She handed them to me. “Swallow them.”

I popped them into my mouth, tucked them into my cheek, and made a big show of swallowing. Brenda and Melanie smiled at me. “Now,” said Brenda, “swallow the pills, please.”

I started to protest, but the tablets had begun to dissolve in my mouth, and their bitterness activated my salivary glands. I had an urgent impulse to swallow, which I finally obeyed. I felt the pills slide down.

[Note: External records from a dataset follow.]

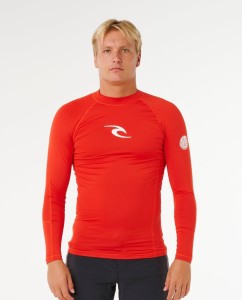 Longsleeve Rip Curl Lycra Waves Upf Perf L/S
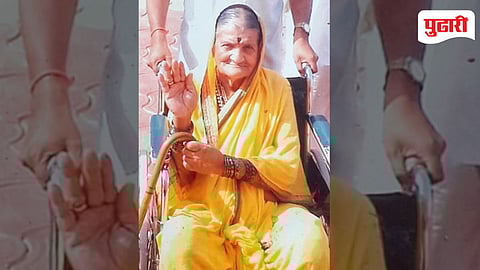 Sarubai Pesode Passed Away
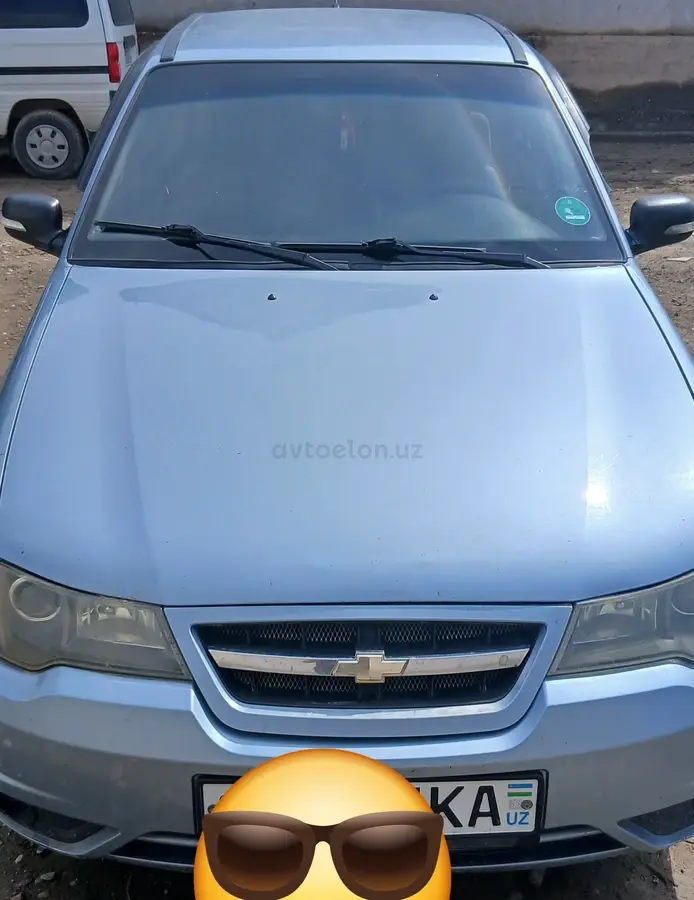 Chevrolet Nexia 2,  2 позиция SOHC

I leaned back in my. chair. We all had some more cocoa. Brenda and Melanie kept watching me. I started to tell them about what had happened to Les Katz. I found myself repeating the phrase, “Les was a good guy. A good guy.” I forgot what I was going to say next.

“You might want to curl up on the sofa,” said Melanie, extending her hand toward me. I reached for it. My arm felt heavy and limp. It seemed miles long. I saw her smile, a beautiful, kind smile. An angel, I thought. Then her face split into two faces, and each of them split again, as if I were looking into a trick mirror. All of her faces were smiling as they receded into a fuzzy gray. …

It was dark when I woke up the first time. Early, I thought vaguely. My thoughts were clouds, and when I tried to focus on one of them, it dissolved into an opaque wisp. I seemed to keep waking up early. My clock radio. Soon it would click on. No. Something else. I let the clouds billow in. I’d just roll over until the radio went on.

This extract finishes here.